(Prompt)
Each entry has to be set down again with no alteration.

★ ★ ★ ★ ★ ★ ★

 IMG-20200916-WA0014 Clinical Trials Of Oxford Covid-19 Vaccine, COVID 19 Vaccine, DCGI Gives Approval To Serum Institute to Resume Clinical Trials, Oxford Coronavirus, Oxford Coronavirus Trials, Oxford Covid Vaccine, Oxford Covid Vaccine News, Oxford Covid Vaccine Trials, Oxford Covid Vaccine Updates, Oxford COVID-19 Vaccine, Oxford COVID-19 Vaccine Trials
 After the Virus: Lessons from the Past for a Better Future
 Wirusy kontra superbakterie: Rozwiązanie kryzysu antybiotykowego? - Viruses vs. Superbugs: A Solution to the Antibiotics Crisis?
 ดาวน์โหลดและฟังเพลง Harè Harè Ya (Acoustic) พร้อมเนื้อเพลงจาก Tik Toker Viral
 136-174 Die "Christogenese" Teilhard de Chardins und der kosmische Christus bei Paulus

★ ★ ★ ★ ★ ★ ★

(Solution to this task)
 IMG-20200916-WA0014 Clinical Trials Of Oxford Covid-19 Vaccine, COVID 19 Vaccine, DCGI Gives Approval To Serum Institute to Resume Clinical Trials, Oxford Coronavirus, Oxford Coronavirus Trials, Oxford Covid Vaccine, Oxford Covid Vaccine News, Oxford Covid Vaccine Trials, Oxford Covid Vaccine Updates, Oxford COVID-19 Vaccine, Oxford COVID-19 Vaccine Trials
 After the Virus: Lessons from the Past for a Better Future
 Wirusy kontra superbakterie: Rozwiązanie kryzysu antybiotykowego? - Viruses vs. Superbugs: A Solution to the Antibiotics Crisis?
 ดาวน์โหลดและฟังเพลง Harè Harè Ya (Acoustic) พร้อมเนื้อเพลงจาก Tik Toker Viral
 136-174 Die "Christogenese" Teilhard de Chardins und der kosmische Christus bei Paulus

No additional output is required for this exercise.